Original poster: "Gerry  Reynolds" <gerryreynolds@xxxxxxxxxxxxx>

Hi Ian,

Often, RMS is computed over a periodic cycle. For a square wave (50% duty cycle), the percent of time the waveform is high doesn't change with frequency so RMS doesn't change with frequency. However, duty cycle does affect the rms value for a given amplitude square wave. Example, RMS (root mean square) for a 1 volt pulsed signal where the dute cycle is 50% and the waveform is 1 volt for 1 sec and 0 volt for 1sec is as follows:

Vrms = sqrt( (1v^2*1sec + 0v^2*1sec)/2sec_peroid ) = 0.707v

For a wavefore that was 1volt for 1sec and 0volt for 3sec (25% duty cycle):

Vrms = sqrt( (1v^2*1sec +0v^2*3sec)/4sec_peroid ) = 0.5v

Note the voltages are time weighted so when you divide by the period you get the average of the squares.

Gerry R.


Original poster: Ian Lacy <ianlacy@xxxxxxxxx>

Hey all,

My name is Ian and I am currently an undergraduate at the University
of Kansas.

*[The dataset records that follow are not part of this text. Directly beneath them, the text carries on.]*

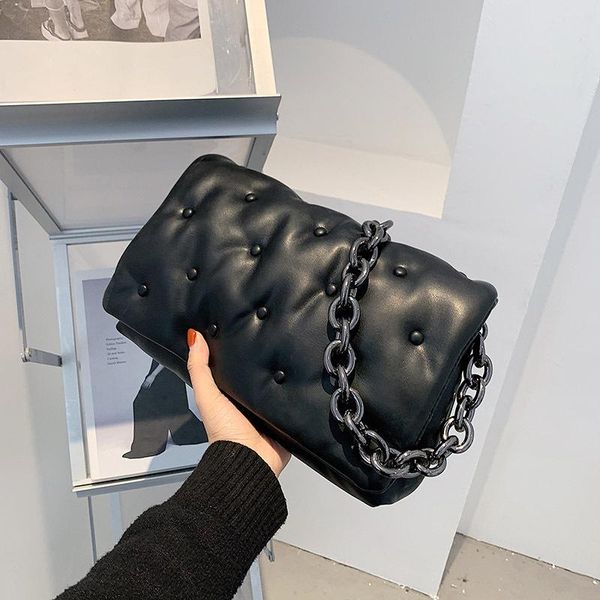2020 denim quality women's shoulder bags thick metal chain shoulder purses and handbag women clutch bags ladies hobo bag
2020 denim quality women's shoulder bags thick metal chain shoulder purses and handbag women clutch bags ladies hobo bag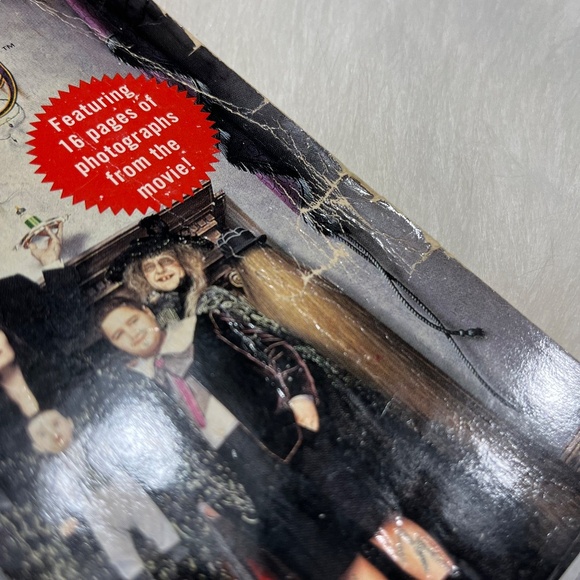 Vintage 1993 Addams Family Values Book - Picture 3 of 7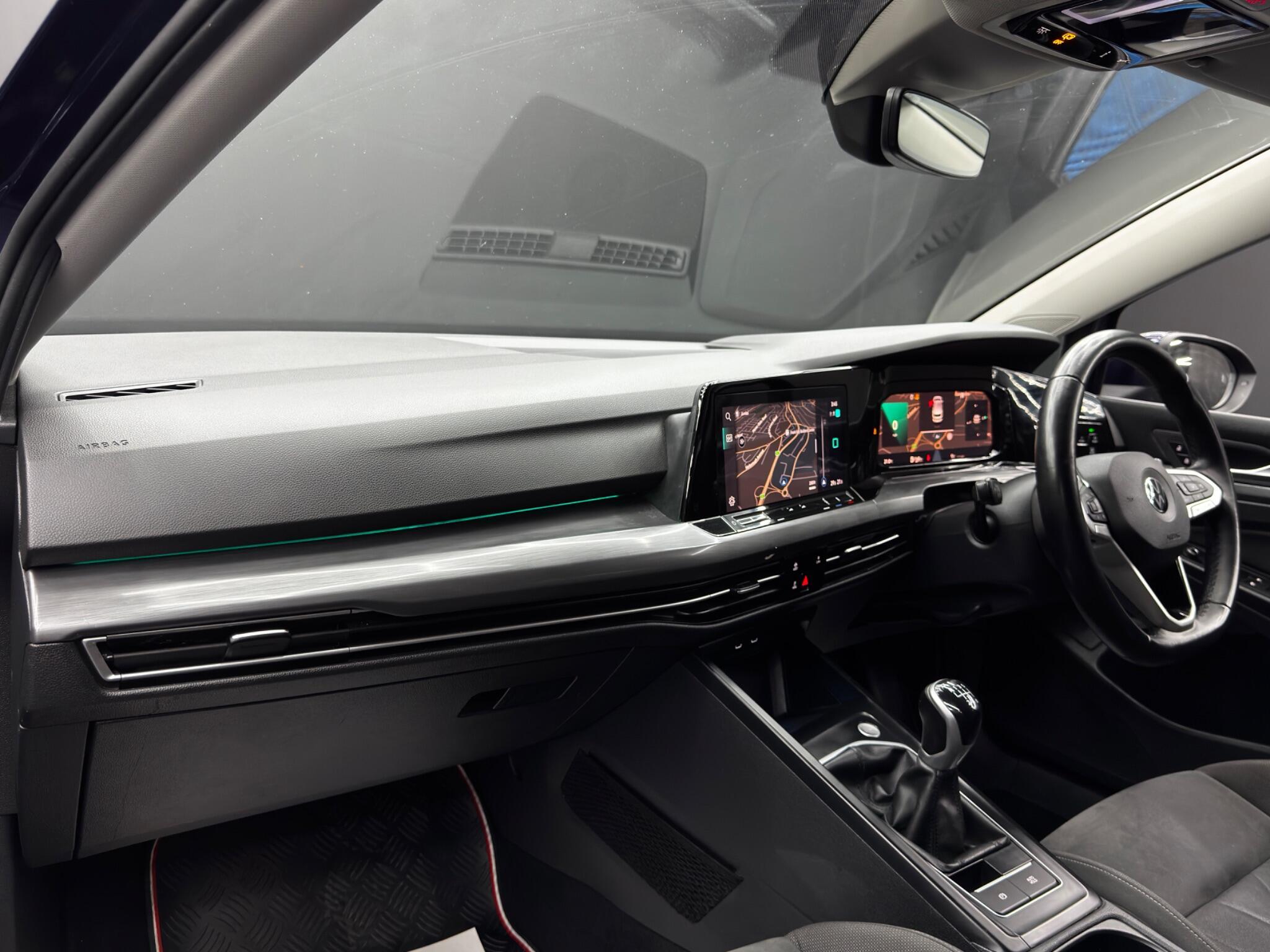 Volkswagen Golf - Image 11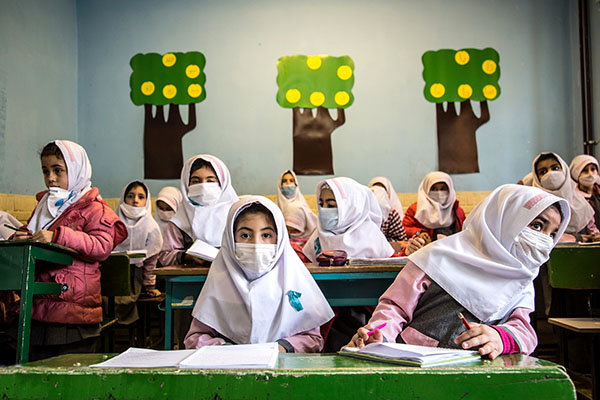 مدارس ابتدایی تهران فردا «غیر حضوری» است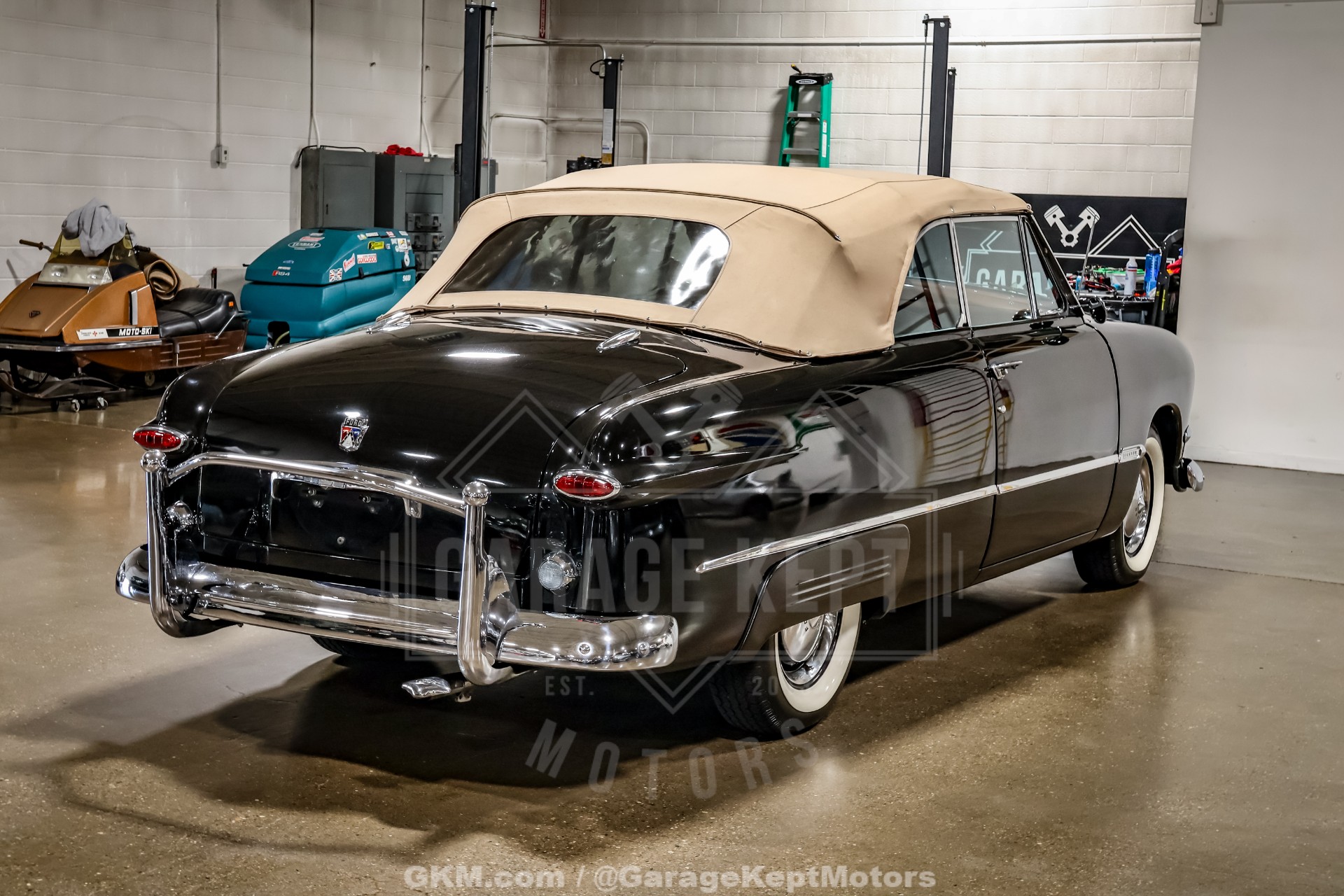 1950 Ford Custom Deluxe 6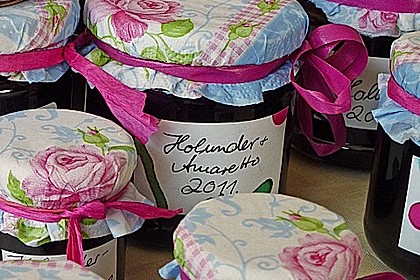 Holundergelee mit Mandellik&ouml;r 4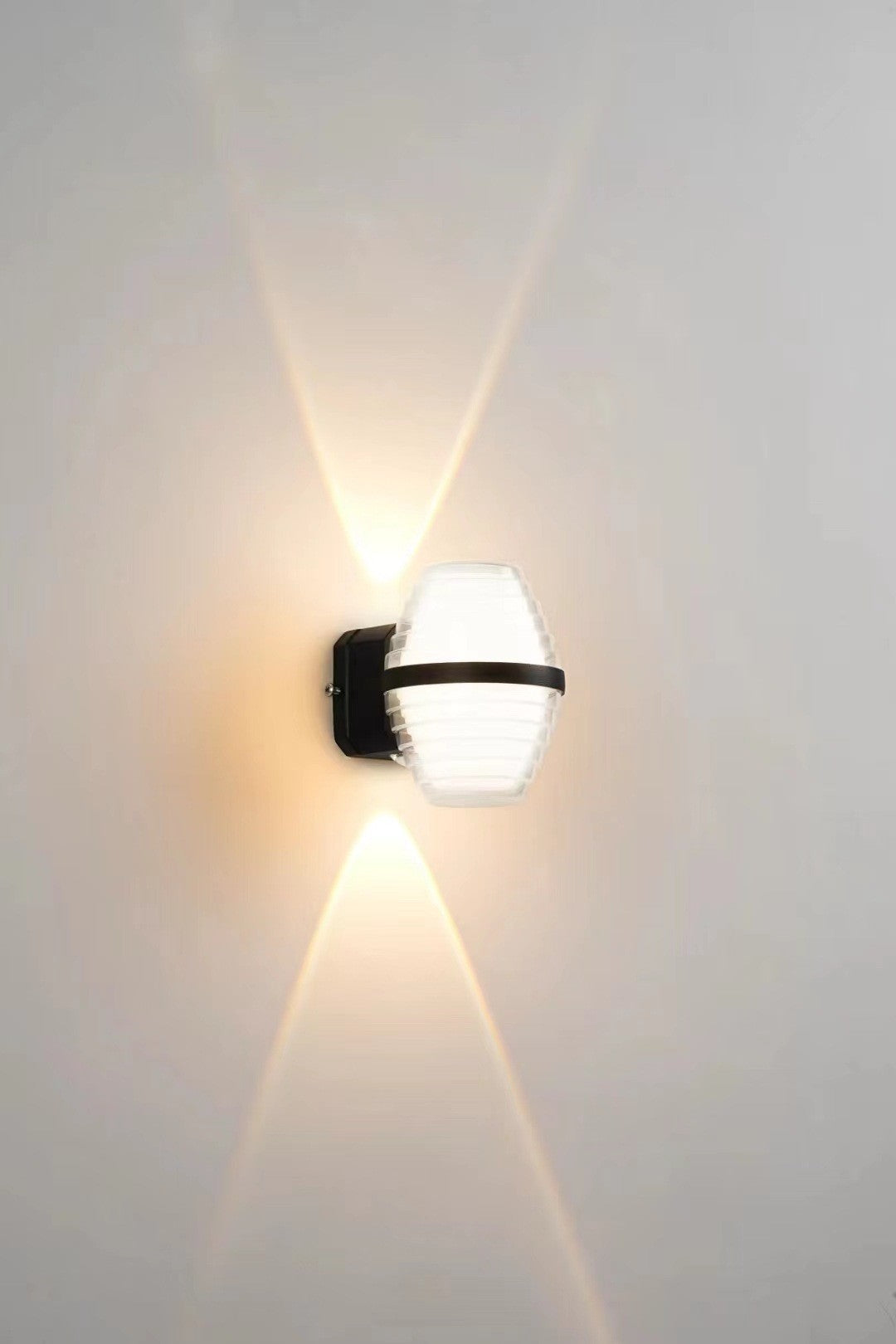 Outdoor LED Wall Lamp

In my secondary circuit analysis course we're using
function generators and oscilloscopes to analyze the RMS values and
effective voltages. The experiment was very straight forward and I
found myself wanting to know more as the material was not covered in
depth. I subscribe to this mailing list and read it often because I
find it educational and fascinating. I find myself hesitant to reply
to most of the posts because my level of knowledge on the subject is
very minuscule comparatively. This is why I've decided to present my
questions to this group. Perhaps some will be able to help?

Why exactly do frequency and the duty cycle of a square wave have no
effect on the V RMS value?

Also, how does the DC offset effect the power of the signal?

Thank you,

Ian Lacy
The University of Kansas
Theta Tau, Z'996
IEEE Student Member